Torgeir Waldemar took the Norwegian people and music press by surprise with his eponymous debut album in 2014. Who had thought that the black-clad, longhaired and bearded man would deliver an album that captivated and moved us as much as it did. An acoustic masterpiece that sounded like it came straight from the rehearsal room of a young troubadour from Laurel Canyon in the seventies.
While his previous album cultivated a pure, acoustic sound, we get more rock music this time, and for Torgeir Waldemar nothing is more natural. With his background as a guitar hero in various rock bands, it was only a question of time before distorted tones would assert themselves in his solo career. No Offending Borders is a gloriously composite work with both dead honest acoustic laments and grandiose rock songs.
But the record is so much more than that, and for Torgeir this is a document that shows the seriousness we meet in our everyday lives. Both on the personal level, with relationships that falls apart and the loss of loved ones, but also on a national and global level, with refugee crises, suicide statistics and the weakest members of our society.
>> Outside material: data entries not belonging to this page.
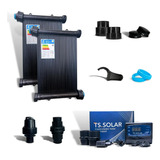 Kit Aquecedor Solar Piscina 30placas De 2mts Rosca+cdt+valvs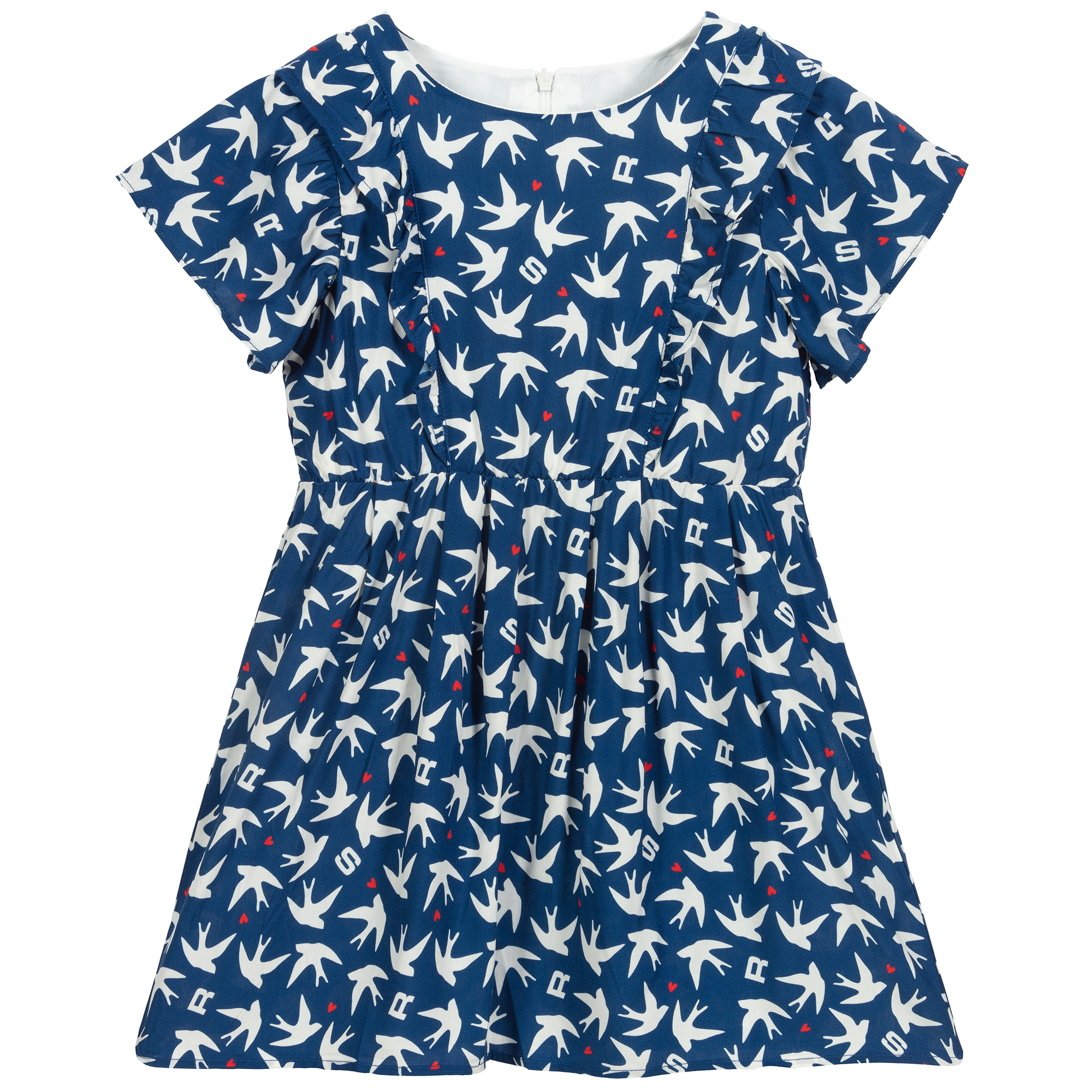 Sonia Rykiel Paris - Blue Viscose Bird Print Dress | Childrensalon Outlet Sonia Rykiel Paris - Blue Viscose Bird Print Dress | Childrensalon Outlet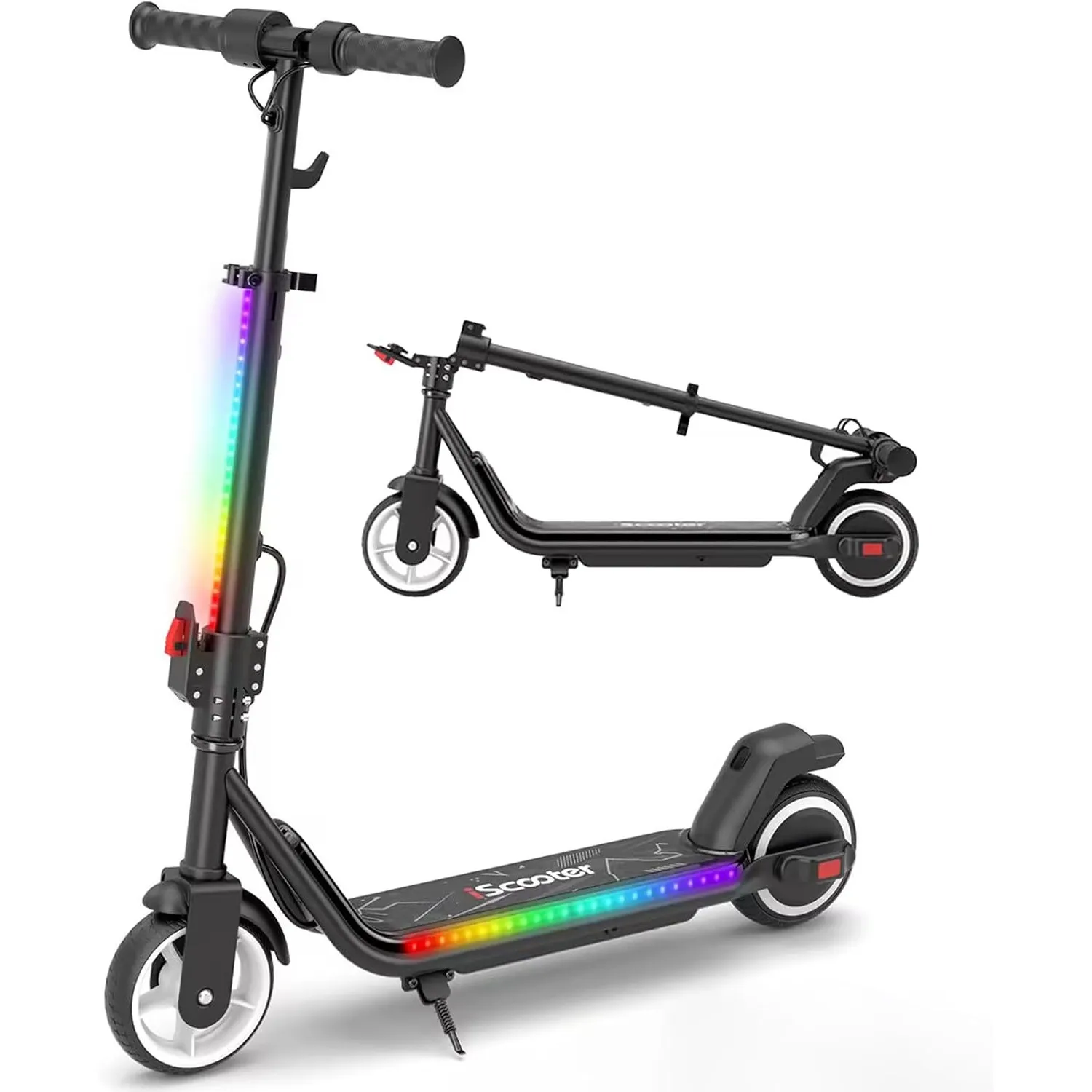iScooter Kinder E Scooter mit Musik & Licht für 6-8-16 Jahre, 6.5"/5.5" Eektroroller, 2/3 Fahrmodi 8/13/19km/h, 90-102 …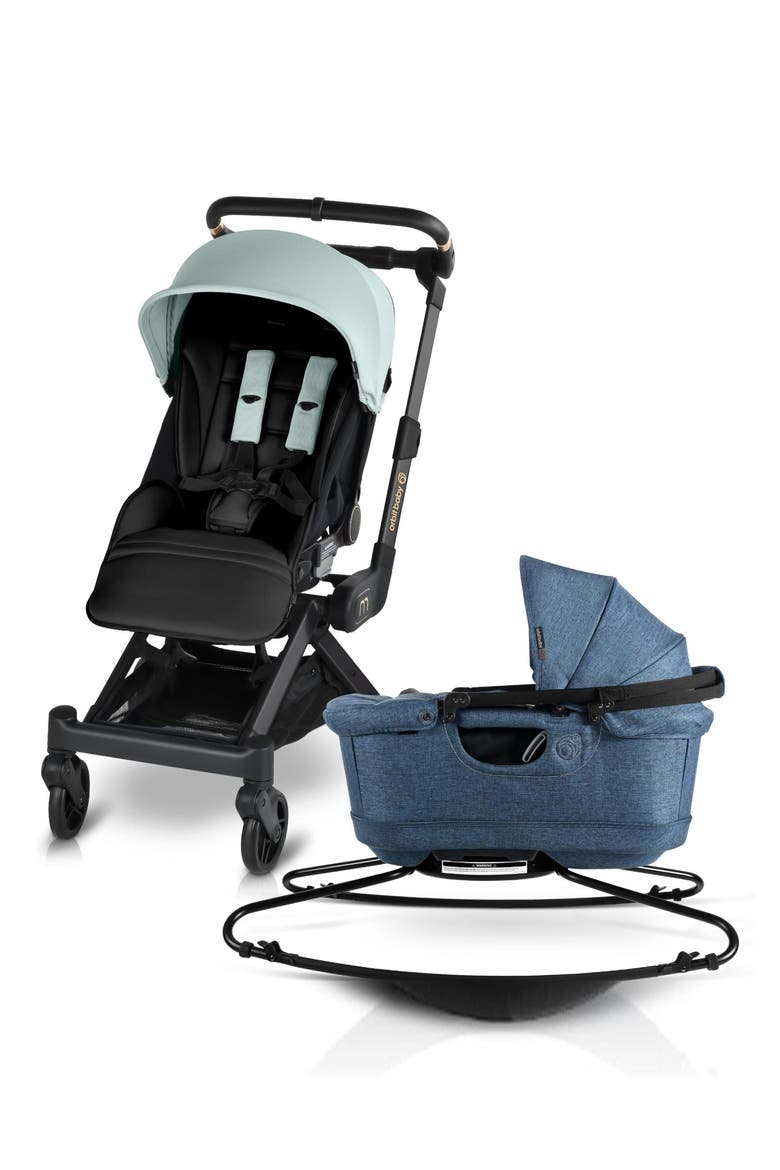 M+ Stroll & Lounge Bassinet & Stroller Travel System, Main, color, SURF/ BLACK L/ NAVY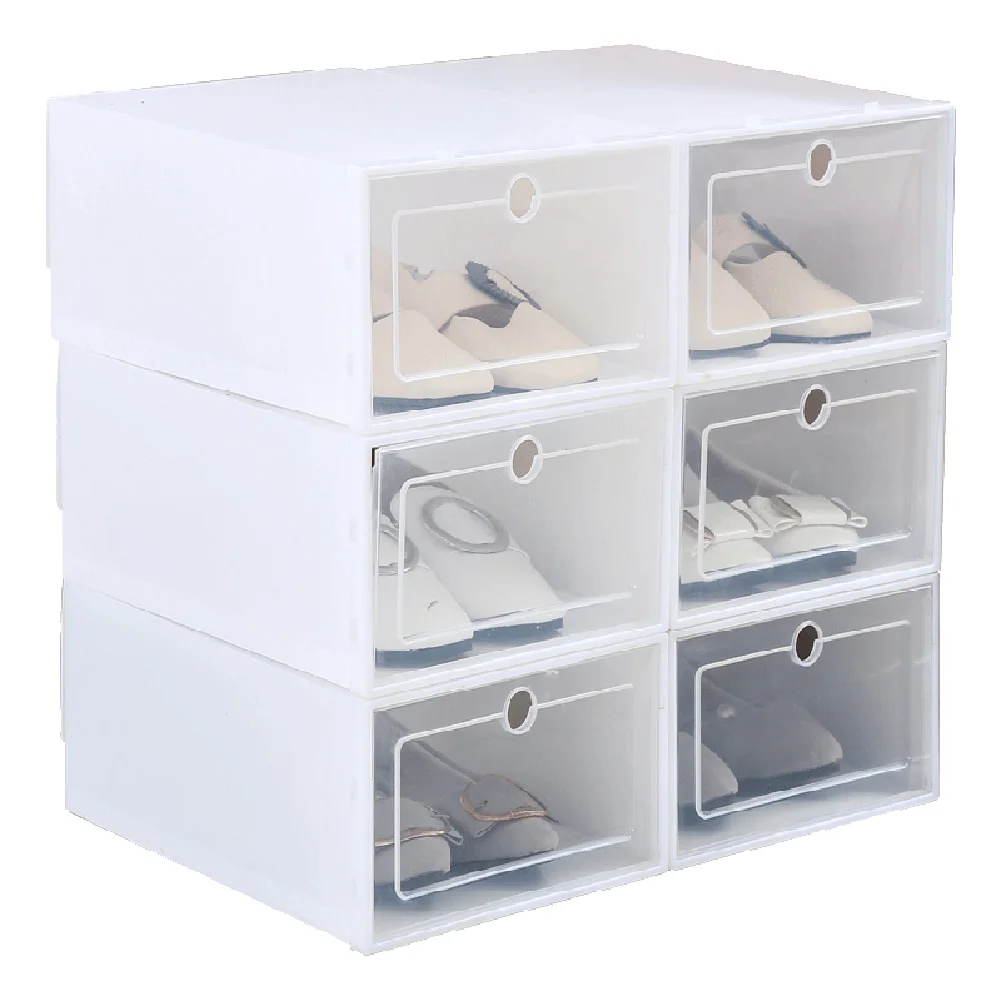 Прозрачный пластиковый Обувной Ящик флип дизайн обуви хранения артефакт дома хранения инструмента CLA88 - Цвет: white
You may have guessed it already, but this is a solemn record.
If you’re afraid that Torgeir Waldemar has turned away from what he presented on his debut album, you can relax. Here we get acoustic folk songs like “Falling Rain (Link Wray)”, “Island Bliss” and “Souls on a String”, but the album also contains more intense rock songs like “Summer In Toulouse”, “Sylvia (Southern People)” and “Among the Low”.
Aesthetically, it’s also consistent from beginning to end – nothing at all is done by chance here. The historical lines that are drawn in the cover design, are also meant to point back to ourselves and to make us conscious of our past, so that we won’t make the same mistakes again. The cover of the single “Souls on a String” featured a photo of the decorated carrier pigeon from World War I, Cher Ami. It saved a whole British company during the war, when the British were caught in a battle, without any food or ammunition. Cher Ami was sent away, and taken under fire by the enemy, but finally delivered the message that saved the British troops.
The chair on the cover of No Offending Borders is from Kviknes Hotel in Balestrand. This is the chair that Wilhelm II, the King of Prussia and Emperor of Germany, was sitting in when he was told that World War I had started. Wilhelm II was a friend of Norway and spent much time on the west coast in the early 1900s. What would you have done if you were sitting in that chair and received that message? Sit down, think thoroughly about it, while you’re listening to No Offending Borders.